German supermarket chain Lidl might be making its move on the US in 2015, following the example of its sector rival and fellow German company, Aldi: starting on the East Coast using shops with a limited range of cheap products, in the vicinity of large retailers.
“Copying Aldi is safer”
Formally speaking, Lidl is still performing a feasibility study on the possible entry on the American market. The study should be completed by the end of 2014 or early in 2015, but according to director of Planet Retail, Matthias Queck, the decision has already been made, meaning the German distributor will soon start operating in the US. The plan would be to open a hundred shops in the US in 2015.
Queck says it is probably safer for Lidl to copy Aldi, which has been active in the US since 1976, than to test out a new concept on an unknown market. Furthermore it seems the time is right to bring the discount concept to the American market.
US needed to keep growing
Because of the crisis, discount is no longer seen as just an alternative. There is also not so much competition in the segment of ‘supermarkets with a limited range’.
The expansion to the US is also becoming a necessity for Lidl to keep on growing: in 26 European countries the market is reaching its point of saturation.

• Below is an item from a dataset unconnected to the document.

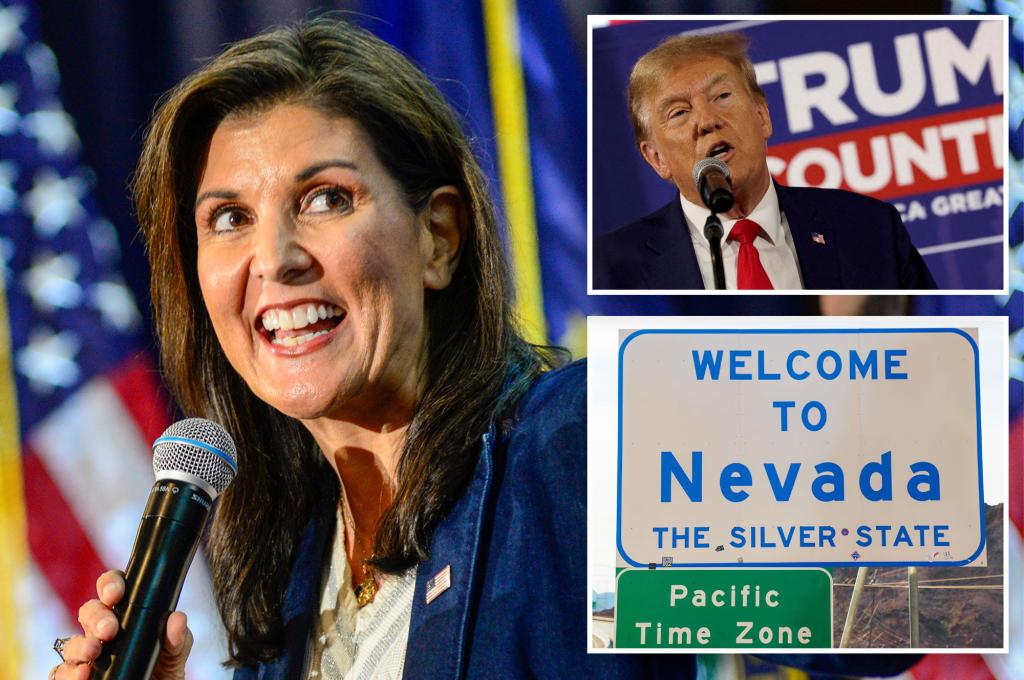 Nikki Haley’s Nevada primary gamble set to cause ‘major confusion’ as state holds two votes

For a new development on the long term, new markets need to be opened up. The US is being preferred over countries as Russia, Turkey and Brazil, because of greater political stability and legal security.
In 2003 the company had plans for Canada, but they were cancelled, partly because they found it difficult to acquire decent properties. That is probably why the current study is being performed by CEO of Lidl Ireland, Kenneth McGrath, and his real estate director, Kevin Proctor.
Rival Aldi currently has 1,500 locations under its own name and the name of Trader Joe’s in the US.